The criminal justice system is outdated and crumbling; quite literally in the case of HMP Winchester. The magistrate system alone is overloaded, underfunded, and inefficient, yet recent proposals suggest it is destined to receive even more cases. The crown jewel of the UK’s welfare state, the NHS, is close to collapse under its own weight and is in desperate need of greater support from Parliament. The emergency services lack funding and resources, leaving an evidence backlog, unacceptable ambulance waiting times, and unsafe buildings.

The media focuses on things like The Great British Break Off while it leaves our politicians unquestioned and the public uninformed. It certainly seemed as if 90% of the articles on the Conservative leadership focused on the candidates’ plans and comments on Brexit above anything else. The Independent’s post-debate report reduced Boris Johnson’s past gaffes, such as his incompetent handling of the Nazanin Zaghari-Ratcliffe case and his infamous ‘letterbox’ comment on Muslim women who wear burkas, to mere paragraphs.
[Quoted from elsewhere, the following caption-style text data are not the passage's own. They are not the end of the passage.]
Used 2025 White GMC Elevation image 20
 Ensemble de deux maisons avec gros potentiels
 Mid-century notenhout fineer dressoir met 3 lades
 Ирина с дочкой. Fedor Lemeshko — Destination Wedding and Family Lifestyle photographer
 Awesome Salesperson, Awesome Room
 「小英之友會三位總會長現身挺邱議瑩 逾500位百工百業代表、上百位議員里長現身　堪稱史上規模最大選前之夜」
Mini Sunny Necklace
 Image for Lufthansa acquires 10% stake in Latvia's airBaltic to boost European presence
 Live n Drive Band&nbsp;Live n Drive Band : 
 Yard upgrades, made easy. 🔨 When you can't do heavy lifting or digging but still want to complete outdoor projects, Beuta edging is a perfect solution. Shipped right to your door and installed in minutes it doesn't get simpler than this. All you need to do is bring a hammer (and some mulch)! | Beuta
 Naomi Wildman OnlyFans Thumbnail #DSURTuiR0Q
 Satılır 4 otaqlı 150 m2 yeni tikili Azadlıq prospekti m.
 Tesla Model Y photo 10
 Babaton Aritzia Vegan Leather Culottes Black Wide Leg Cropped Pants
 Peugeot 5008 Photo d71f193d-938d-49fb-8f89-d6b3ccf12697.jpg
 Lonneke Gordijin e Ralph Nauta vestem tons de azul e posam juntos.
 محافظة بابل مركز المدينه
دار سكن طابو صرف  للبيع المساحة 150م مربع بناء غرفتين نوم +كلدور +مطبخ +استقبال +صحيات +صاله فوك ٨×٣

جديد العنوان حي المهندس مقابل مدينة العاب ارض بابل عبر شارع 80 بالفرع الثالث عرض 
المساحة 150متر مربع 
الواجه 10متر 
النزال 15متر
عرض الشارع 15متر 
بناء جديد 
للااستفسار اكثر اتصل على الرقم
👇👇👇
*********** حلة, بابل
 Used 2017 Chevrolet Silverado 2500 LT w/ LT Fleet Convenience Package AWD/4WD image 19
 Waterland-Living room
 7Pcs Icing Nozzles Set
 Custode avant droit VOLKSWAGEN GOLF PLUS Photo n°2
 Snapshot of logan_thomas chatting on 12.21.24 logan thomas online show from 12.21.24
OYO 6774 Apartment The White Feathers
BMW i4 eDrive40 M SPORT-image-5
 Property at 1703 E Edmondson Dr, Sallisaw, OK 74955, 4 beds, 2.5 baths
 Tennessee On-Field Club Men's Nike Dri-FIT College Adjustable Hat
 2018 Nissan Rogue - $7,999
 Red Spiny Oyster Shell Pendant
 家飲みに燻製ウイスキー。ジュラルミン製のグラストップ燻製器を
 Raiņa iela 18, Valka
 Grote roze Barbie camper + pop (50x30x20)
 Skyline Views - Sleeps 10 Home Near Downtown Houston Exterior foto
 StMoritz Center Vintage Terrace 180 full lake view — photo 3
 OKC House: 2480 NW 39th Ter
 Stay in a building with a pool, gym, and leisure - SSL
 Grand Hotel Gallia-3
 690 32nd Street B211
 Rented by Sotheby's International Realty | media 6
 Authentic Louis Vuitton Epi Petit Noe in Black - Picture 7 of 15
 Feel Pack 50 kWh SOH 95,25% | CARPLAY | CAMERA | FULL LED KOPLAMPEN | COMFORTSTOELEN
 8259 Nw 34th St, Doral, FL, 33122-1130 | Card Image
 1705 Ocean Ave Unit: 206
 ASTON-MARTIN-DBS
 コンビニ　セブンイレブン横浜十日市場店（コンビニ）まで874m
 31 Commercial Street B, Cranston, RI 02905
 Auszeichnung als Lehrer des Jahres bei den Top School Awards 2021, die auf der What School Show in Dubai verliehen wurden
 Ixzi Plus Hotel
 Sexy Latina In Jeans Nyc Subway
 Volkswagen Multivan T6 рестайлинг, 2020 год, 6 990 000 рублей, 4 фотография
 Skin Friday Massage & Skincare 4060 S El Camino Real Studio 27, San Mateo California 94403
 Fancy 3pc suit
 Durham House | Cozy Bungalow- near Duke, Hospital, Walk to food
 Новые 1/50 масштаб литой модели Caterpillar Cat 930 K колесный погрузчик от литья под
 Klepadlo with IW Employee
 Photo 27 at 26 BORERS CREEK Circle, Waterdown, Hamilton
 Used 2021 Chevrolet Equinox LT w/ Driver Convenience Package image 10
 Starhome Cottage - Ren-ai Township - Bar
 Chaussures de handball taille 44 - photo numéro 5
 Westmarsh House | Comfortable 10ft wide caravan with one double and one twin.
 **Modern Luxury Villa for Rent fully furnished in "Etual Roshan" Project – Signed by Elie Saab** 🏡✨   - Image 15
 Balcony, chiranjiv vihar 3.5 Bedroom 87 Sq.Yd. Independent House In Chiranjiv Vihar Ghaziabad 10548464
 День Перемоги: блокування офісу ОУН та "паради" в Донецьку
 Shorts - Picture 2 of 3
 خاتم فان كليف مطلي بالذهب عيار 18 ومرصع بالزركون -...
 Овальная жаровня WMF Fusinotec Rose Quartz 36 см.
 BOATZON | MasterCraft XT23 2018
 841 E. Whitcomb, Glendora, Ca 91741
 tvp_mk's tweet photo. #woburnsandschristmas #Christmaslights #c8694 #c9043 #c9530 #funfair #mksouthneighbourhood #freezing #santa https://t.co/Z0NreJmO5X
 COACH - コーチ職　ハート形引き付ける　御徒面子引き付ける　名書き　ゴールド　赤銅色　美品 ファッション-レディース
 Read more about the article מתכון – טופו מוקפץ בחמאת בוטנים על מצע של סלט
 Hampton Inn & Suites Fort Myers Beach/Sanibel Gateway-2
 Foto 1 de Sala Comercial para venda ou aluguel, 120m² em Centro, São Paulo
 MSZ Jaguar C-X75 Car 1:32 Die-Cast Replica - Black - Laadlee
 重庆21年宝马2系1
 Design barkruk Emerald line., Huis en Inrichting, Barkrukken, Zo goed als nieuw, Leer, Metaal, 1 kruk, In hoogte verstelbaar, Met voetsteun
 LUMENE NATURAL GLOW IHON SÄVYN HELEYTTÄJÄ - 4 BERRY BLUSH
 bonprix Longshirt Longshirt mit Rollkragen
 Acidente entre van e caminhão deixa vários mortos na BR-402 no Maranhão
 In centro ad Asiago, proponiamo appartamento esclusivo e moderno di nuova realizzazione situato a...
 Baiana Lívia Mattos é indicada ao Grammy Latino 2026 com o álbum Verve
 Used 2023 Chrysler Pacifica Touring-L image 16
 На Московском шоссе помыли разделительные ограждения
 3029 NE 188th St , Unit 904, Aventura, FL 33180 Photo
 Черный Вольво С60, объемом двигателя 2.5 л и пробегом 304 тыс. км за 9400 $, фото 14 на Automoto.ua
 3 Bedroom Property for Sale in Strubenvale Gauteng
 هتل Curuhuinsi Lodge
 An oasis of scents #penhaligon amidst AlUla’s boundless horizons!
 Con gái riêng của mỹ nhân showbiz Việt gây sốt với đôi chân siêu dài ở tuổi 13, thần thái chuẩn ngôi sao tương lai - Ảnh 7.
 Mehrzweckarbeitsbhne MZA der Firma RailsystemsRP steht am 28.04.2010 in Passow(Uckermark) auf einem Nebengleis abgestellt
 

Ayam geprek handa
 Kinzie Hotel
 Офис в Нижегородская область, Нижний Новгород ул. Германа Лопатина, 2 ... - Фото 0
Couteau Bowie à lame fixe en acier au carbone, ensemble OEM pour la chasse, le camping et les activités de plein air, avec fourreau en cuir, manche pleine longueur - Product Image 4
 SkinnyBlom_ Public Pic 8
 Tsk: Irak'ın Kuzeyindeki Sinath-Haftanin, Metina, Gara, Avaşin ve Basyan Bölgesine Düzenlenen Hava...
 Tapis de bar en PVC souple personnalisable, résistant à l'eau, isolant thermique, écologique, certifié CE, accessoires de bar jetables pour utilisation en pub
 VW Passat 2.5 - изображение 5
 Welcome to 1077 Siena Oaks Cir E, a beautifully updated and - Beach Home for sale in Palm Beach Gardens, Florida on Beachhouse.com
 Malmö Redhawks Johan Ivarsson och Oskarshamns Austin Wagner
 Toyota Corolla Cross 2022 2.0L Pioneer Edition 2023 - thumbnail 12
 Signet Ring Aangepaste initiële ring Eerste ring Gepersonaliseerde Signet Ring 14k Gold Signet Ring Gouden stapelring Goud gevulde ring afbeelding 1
Debates in the media focus too heavily on developments in the Brexit sphere.

Every question comes back to the UK leaving the EU. This is understandable to an extent as this change will fundamentally affect the way in which the country runs and funds its most vital services. But there needs to be in-depth, well-developed discussions about policy and reform which look at issues without the Brexit lens. Once the tie with the EU is cut we must be ready to take care of these problems.

How will our latest Prime Minister ensure courts continue to run smoothly, and how will he optimise the way the criminal justice system works? Will the recruitment drive ordered for our police be repeated for our healthcare system and fire departments? How does Mr Johnson plan to approach the growing mental health crisis emerging across a country with too few resources to deal with such a problem? We need these questions answered not only so that we can trust our leader through a turbulent time, but also so that we can trust him after the deed is done.

We must hope that Mr Johnson can deliver Brexit, but once he does that he will need to deliver a country that works for everyone; and that is much harder.